Gus Dur juga melemparkan kritik kepada sebagian umat Islam yang hanya memiliki keimanan individual. Padahal, semestinya keimanan itu menjadi dasar atas kepedulian sosial. Gus Dur lantas menggali “rukun sosial” yang terkandung dalam Rukun Islam sehingga menghasilkan perincian berikut ini.
a. Dimensi sosial pada syahadat terlihat dari pengucapannya yang harus di depan khalayak, khususnya dalam konteks akad nikah atau persaksian.
b. Shalat apabila dikerjakan secara berjamaah akan menghindarkan masyarakat dari ke-munkar-an.
c. Zakat sudah jelas mengandung dimensi sosial karena telah mendidik umat Islam bahwa di setiap harta yang dimiliki terdapat hak kaum lemah yang wajib ditunaikan.
d. Puasa dapat mengundang kesetiakawanan sosial sebab dalam praktiknya berpijak pada kelaparan.
e. Haji menjadi titik temu universal semua muslim dalam keadaan yang paling murni.
Apa yang Gus Dur lakukan ini didasarkan pada Surah al-Baqarah ayat 177 berikut.

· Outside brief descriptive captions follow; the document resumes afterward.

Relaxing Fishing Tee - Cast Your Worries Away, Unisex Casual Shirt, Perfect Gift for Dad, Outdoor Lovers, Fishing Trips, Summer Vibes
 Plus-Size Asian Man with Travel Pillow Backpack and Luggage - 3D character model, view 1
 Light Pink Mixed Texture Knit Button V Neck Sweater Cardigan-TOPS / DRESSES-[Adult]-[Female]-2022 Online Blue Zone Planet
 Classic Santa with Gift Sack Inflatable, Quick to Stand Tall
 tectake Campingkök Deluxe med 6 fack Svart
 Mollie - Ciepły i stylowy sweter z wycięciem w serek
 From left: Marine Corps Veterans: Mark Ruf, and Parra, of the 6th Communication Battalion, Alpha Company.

لَّيْسَ ٱلْبِرَّ أَن تُوَلُّوا۟ وُجُوهَكُمْ قِبَلَ ٱلْمَشْرِقِ وَٱلْمَغْرِبِ وَلَٰكِنَّ ٱلْبِرَّ مَنْ ءَامَنَ بِٱللَّهِ وَٱلْيَوْمِ ٱلْءَاخِرِ وَٱلْمَلَٰٓئِكَةِ وَٱلْكِتَٰبِ وَٱلنَّبِيِّۦنَ وَءَاتَى ٱلْمَالَ عَلَىٰ حُبِّهِۦ ذَوِى ٱلْقُرْبَىٰ وَٱلْيَتَٰمَىٰ وَٱلْمَسَٰكِينَ وَٱبْنَ ٱلسَّبِيلِ وَٱلسَّآئِلِينَ وَفِى ٱلرِّقَابِ وَأَقَامَ ٱلصَّلَوٰةَ وَءَاتَى ٱلزَّكَوٰةَ وَٱلْمُوفُونَ بِعَهْدِهِمْ إِذَا عَٰهَدُوا۟ ۖ وَٱلصَّٰبِرِينَ فِى ٱلْبَأْسَآءِ وَٱلضَّرَّآءِ وَحِينَ ٱلْبَأْسِ ۗ أُو۟لَٰٓئِكَ ٱلَّذِينَ صَدَقُوا۟ ۖ وَأُو۟لَٰٓئِكَ هُمُ ٱلْمُتَّقُونَ
Kebajikan itu bukanlah menghadapkan wajahmu ke arah timur dan barat, melainkan kebajikan itu ialah (kebajikan) orang yang beriman kepada Allah, hari akhir, malaikat-malaikat, kitab suci, dan nabi-nabi; memberikan harta yang dicintainya kepada kerabat, anak yatim, orang miskin, musafir, peminta-minta, dan (memerdekakan) hamba sahaya; melaksanakan salat; menunaikan zakat; menepati janji apabila berjanji; sabar dalam kemelaratan, penderitaan, dan pada masa peperangan. Mereka itulah orang-orang yang benar dan mereka itulah orang-orang yang bertakwa.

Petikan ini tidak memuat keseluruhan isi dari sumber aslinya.